* **What you have to do**: In the data below, set down exactly the lines from the one containing "Obraz premium PNG" up to and including the one containing "English Worksheet: Lets cut and paste!". Leave the pictures out.

---- Input

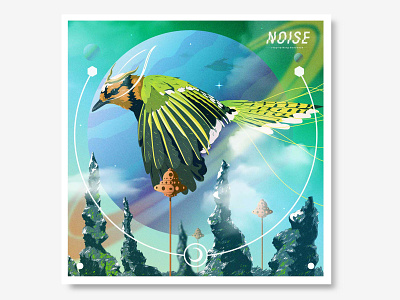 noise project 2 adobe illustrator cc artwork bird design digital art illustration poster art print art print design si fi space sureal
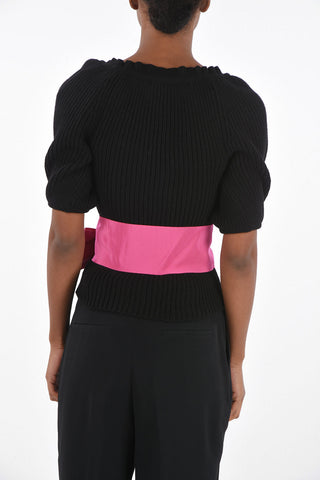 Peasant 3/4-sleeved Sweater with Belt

--------
---- Input

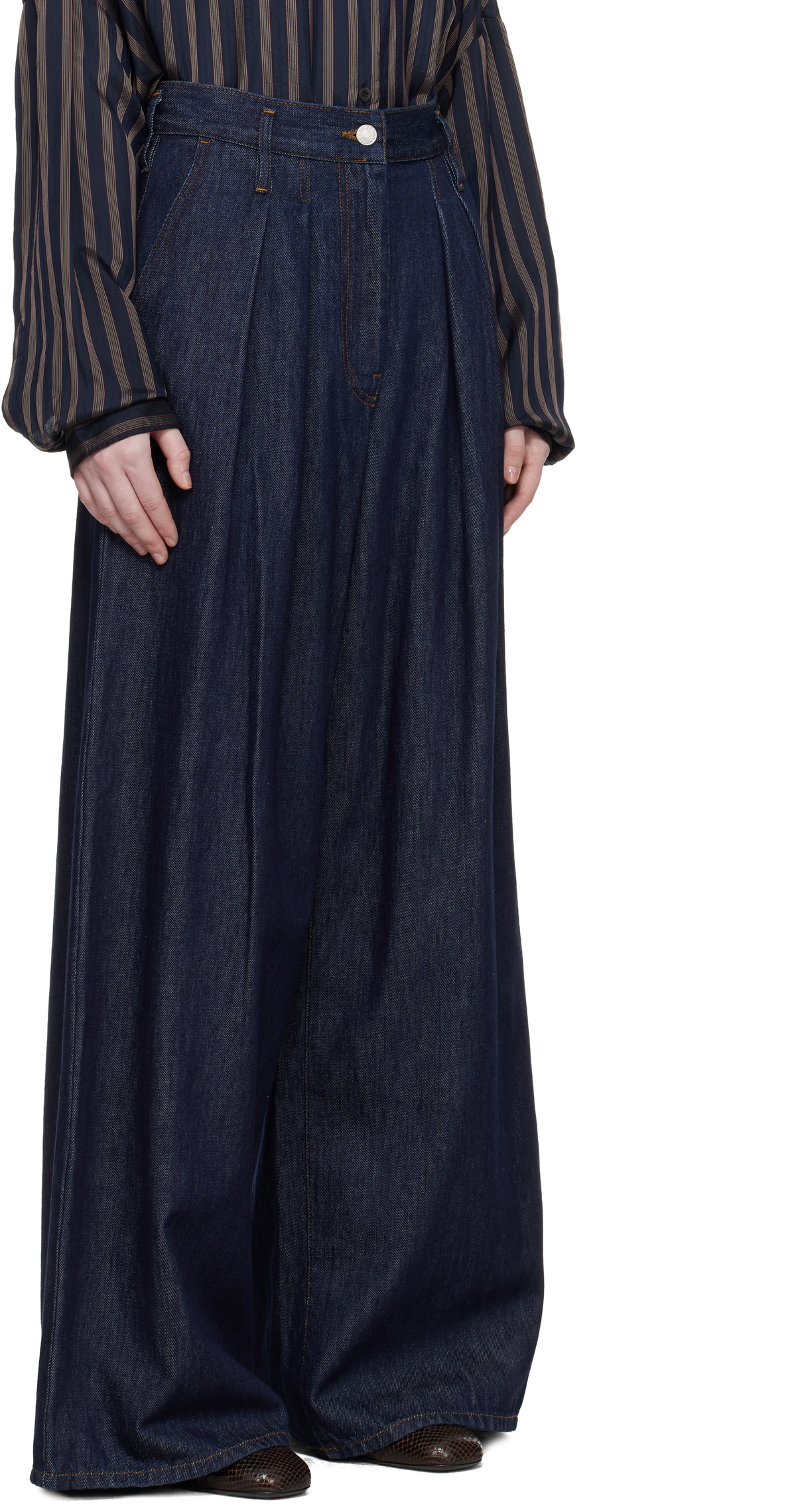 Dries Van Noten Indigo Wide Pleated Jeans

--------
---- Input

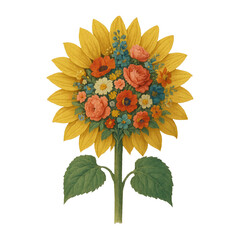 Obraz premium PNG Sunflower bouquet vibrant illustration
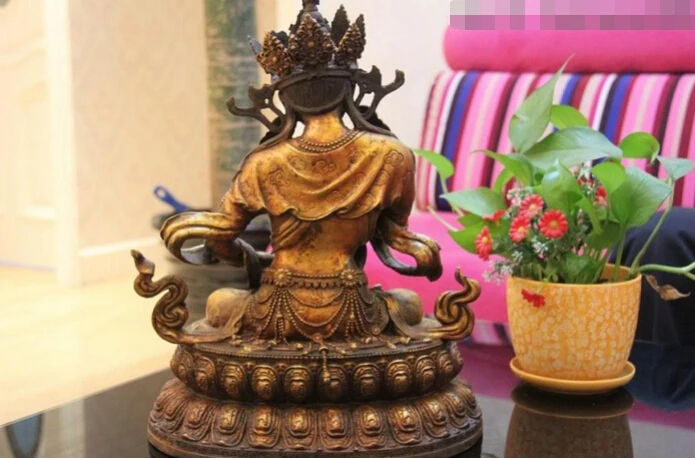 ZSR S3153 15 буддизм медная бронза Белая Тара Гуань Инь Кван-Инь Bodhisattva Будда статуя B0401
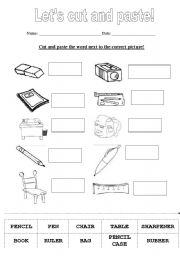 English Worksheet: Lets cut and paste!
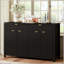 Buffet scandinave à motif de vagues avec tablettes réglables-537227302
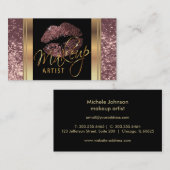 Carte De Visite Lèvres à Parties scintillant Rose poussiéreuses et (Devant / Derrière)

--------

* **Solution for this exercise**:
 Obraz premium PNG Sunflower bouquet vibrant illustration
 ZSR S3153 15 буддизм медная бронза Белая Тара Гуань Инь Кван-Инь Bodhisattva Будда статуя B0401
 English Worksheet: Lets cut and paste!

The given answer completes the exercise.